Чувство, что он движется, не оставляло Коркорана, но порождалось ли оно тем сказочным полетом, какие случаются в снах, или чем-то более реальным? Ему казалось, что он несется с потоком мысли, стремившейся в космическую тьму, к другим мирам и крохотным творениям человеческих рук, что затерялись в безбрежной пустоте. В какое-то мгновение он разглядел свой корабль на орбите Роона, потом угловатые, похожие на коробки аппараты, транспортный караван, что направлялся к Т'хару или, возможно, к внешней планете; потом саму эту планету с хороводом спутников и темной мрачной глыбой Обскуруса. Он проскользнул мимо сателлита; ментальные волны влекли его дальше и дальше, к самым границам системы, где, собравшись в боевой порядок, двигались земные крейсера. Похоже, коммодор направился к протозвезде, чтобы блокировать верфь; его решение было понятно Коркорану, будто изложенное в рапорте символами глифов. Не успел он удивиться этому, как что-то изменилось, прервав его полет, — то ли сон иссяк на этом месте, то ли имелась другая причина, чтобы вернуться к реальности. Он прислушался, еще пребывая в полудреме. Кажется, мелодия курсоуказателя стала пронзительней и выше… Это заставило его очнуться.
Теплый сумрак кабины окутал Коркорана; фигура Зибеля по-прежнему маячила смутной тенью у приемника, все так же плыли глифы в световом столбе, но экран показывал другую картину: там, заслоняя звезды, висела белая, зеленая и голубая сфера Роона.
Он привстал и хриплым со сна голосом поинтересовался:
— Что-нибудь слышно, Клаус?
— Ничего. Бесполезно! — Зибель хлопнул по панели приемника, затем поднес палец ко лбу. — Этим надо слушать! Ляжем на орбиту и…
— Не ляжем, — сказал Коркоран, стягивая одежду. — Сядем на грунт и затаимся. Думаю, в горах.
— Почему?
— Я видел Сон. Видел человека в т'хами и знакомое место — холм с деревьями у реки. Потом — весь континент… На севере есть подходящая местность — скалы, ущелья, плоскогорья. Словом, необитаемая территория. И еще…
— Еще?.. — повторил Зибель, насторожившись. — Было что-то еще?

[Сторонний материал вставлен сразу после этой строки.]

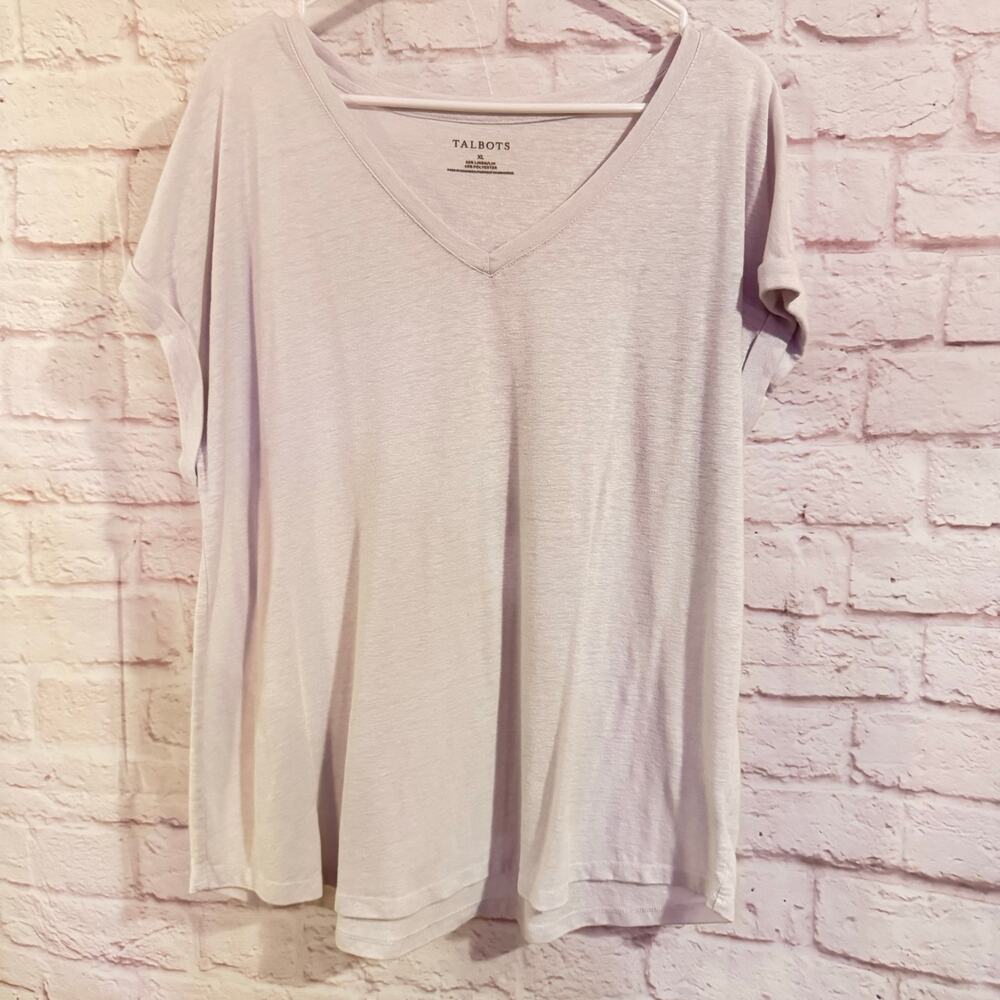 Talbots Linen blend off white V neck t-shirt XL minimalist staple preppy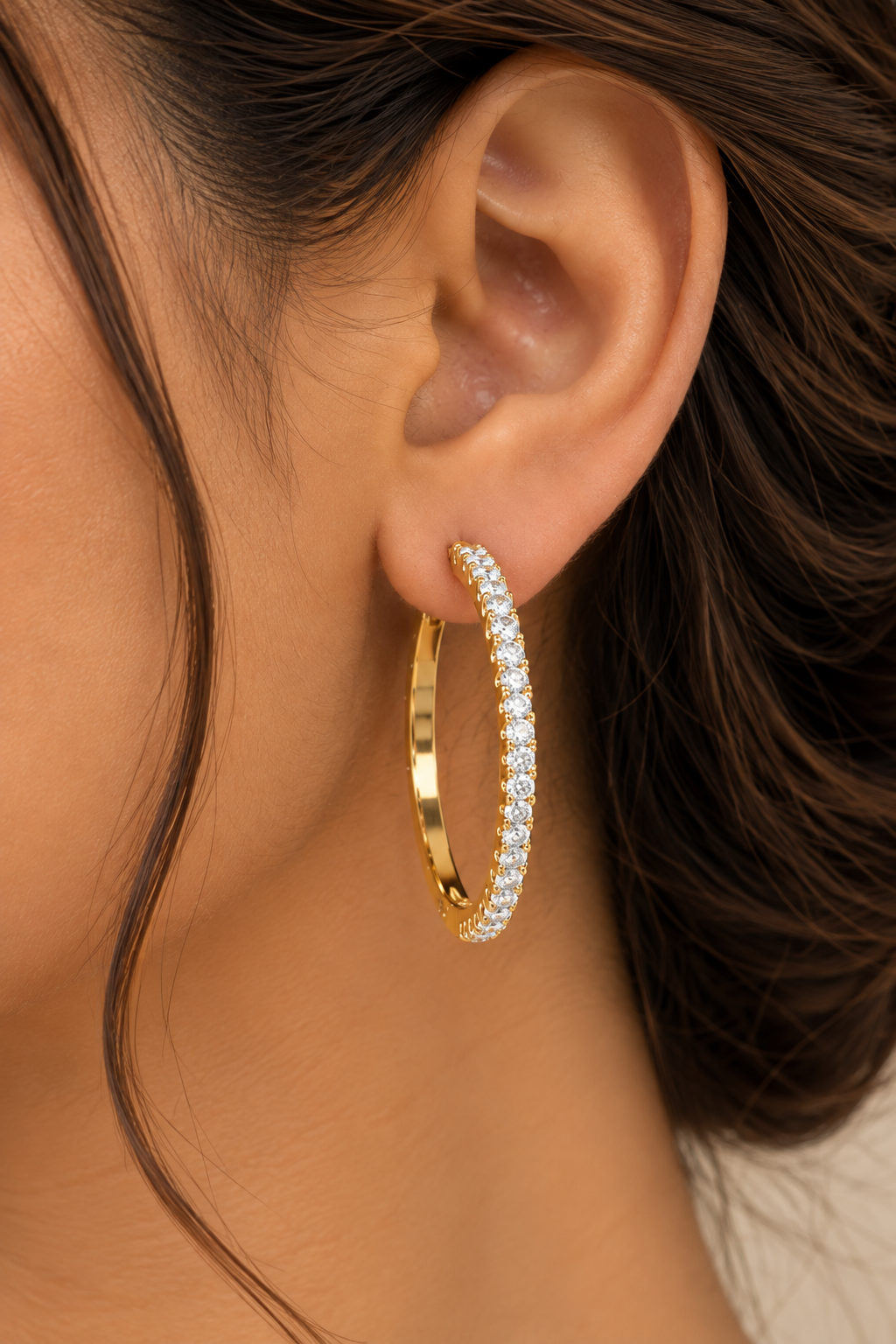 Everyday Luxe Gold Hoops with Sparkling Diamonds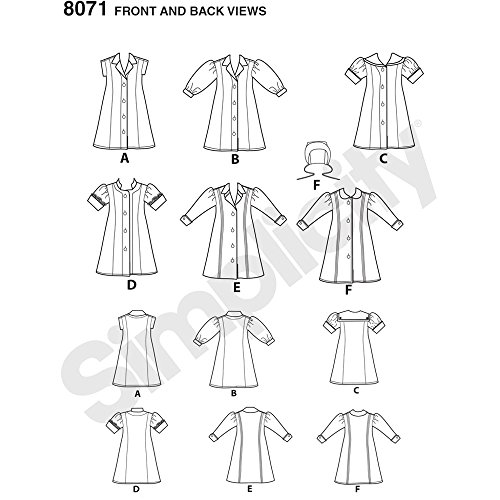 Simplicity Creative Patterns US8071OS Vintage Inspired 18 Inch Doll Clothes Size: Os (One Size).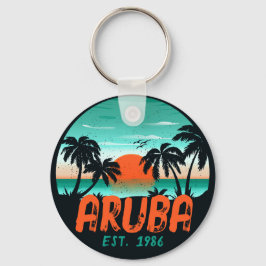 Aruba Karibisches Meer Vintag Retro Sunset Souveni Schlüsselanhänger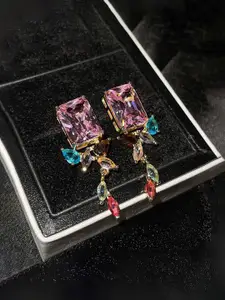 Jewels Galaxy Rose Gold Plated American Diamond Studded Contemporary Drop Earrings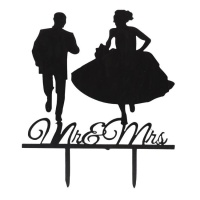 Topper para tarta acrílico de Mr and Mrs a la fuga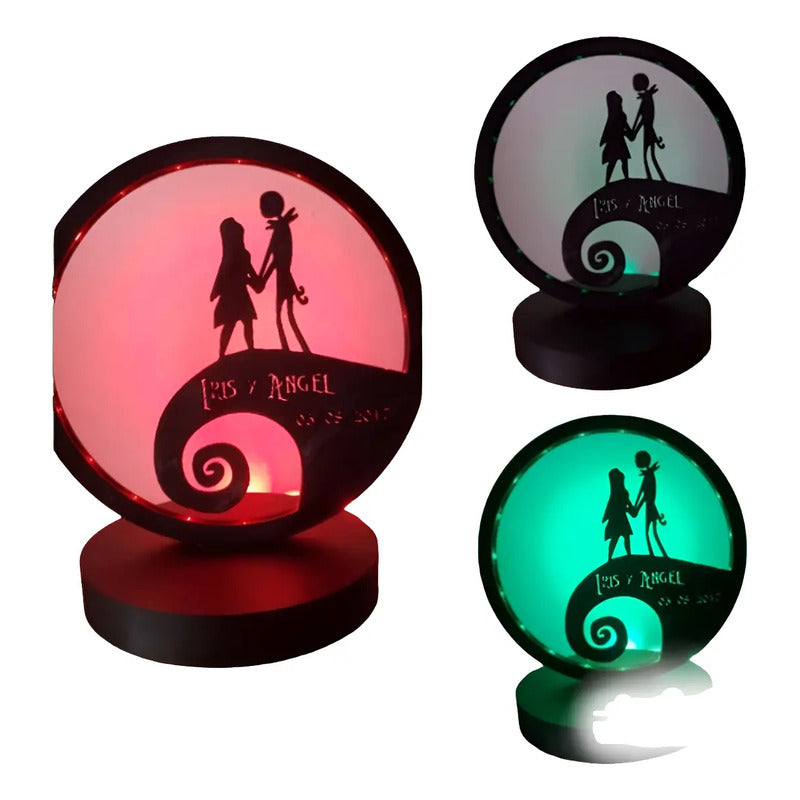 Lampara Jack Y Sally Con Nombre De Pareja Personalizado  Todos Varios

— Да. Коммодор… Кажется, он собирается атаковать Обекурус. Нет, не кажется — я уверен!
Его друг кивнул.
— Превосходно! Выходит, ты дотянулся до кометного облака… Твоя сила растет, Пол!

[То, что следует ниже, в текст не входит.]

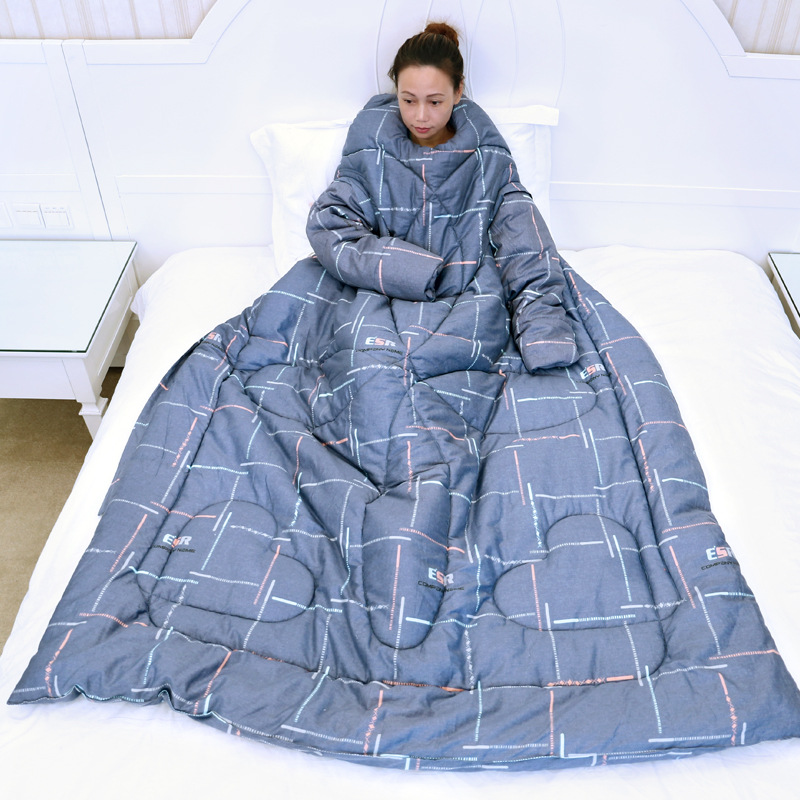 袖付き着る寝袋冬用格子柄多機能防寒シュラフ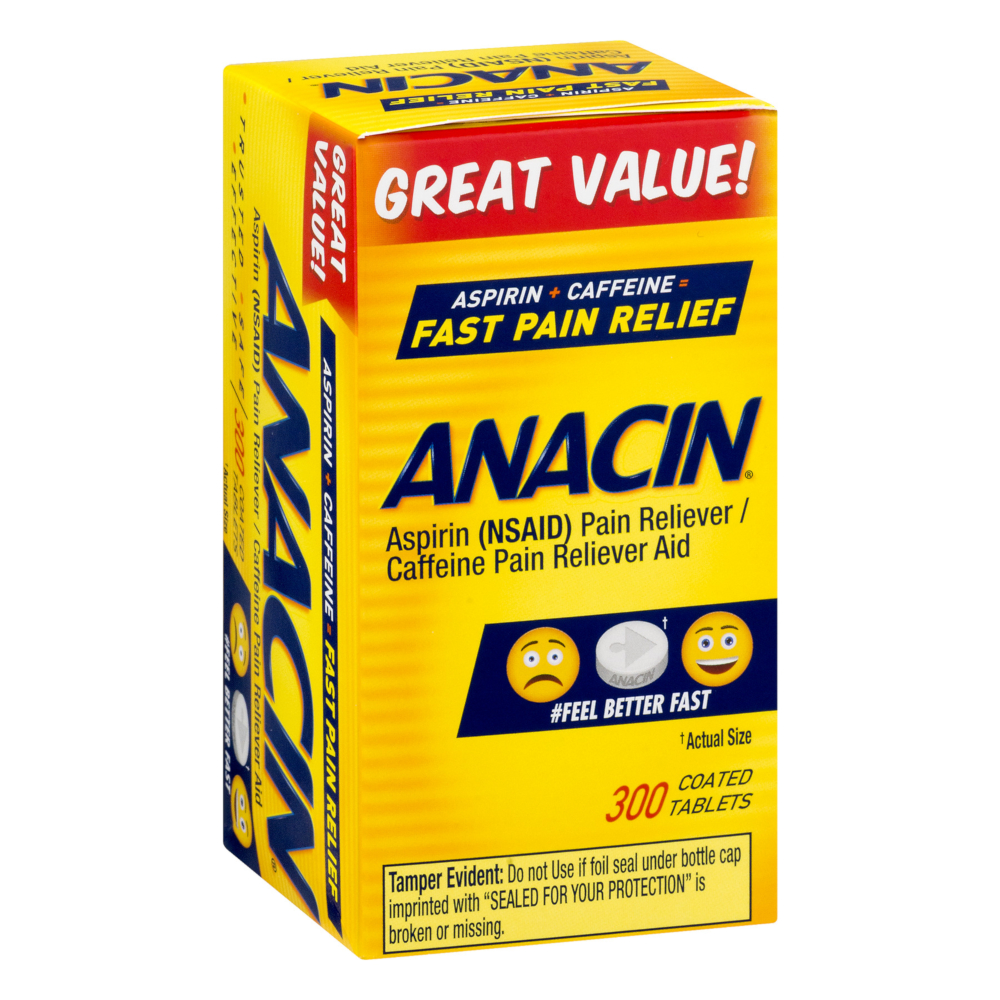 2 Pack Anacin Fast Pain Relief Aspirin & Caffeine Pain Reliever 300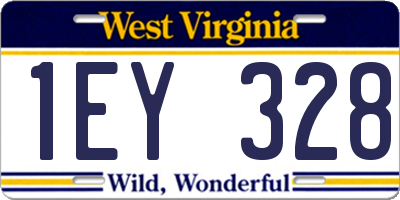 WV license plate 1EY328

— Может быть. — Нагой и мрачный, Коркоран шагнул к контактной пленке. — Сейчас проверим, насколько я силен.
Гибкая оболочка сомкнулась вокруг него, и сразу нервные узлы пронзили тысячи иголок. Если бы не эта пытка, он ощущал бы удовольствие — связь с кораблем была прочнее и теснее, чем в самых совершенных земных УИ, «сапсанах» и «гарпиях». Как фаата достигали этого, оставалось чайной; возможно, не за счет технологических ухищрений, а приспосабливая живой организм к летательному аппарату. Что до Коркорана, то он был приспособлен плохо, хоть происходил от чужаков; впрочем, и сами они, кроме пилотов, не совладали бы с этой дьявольской машиной.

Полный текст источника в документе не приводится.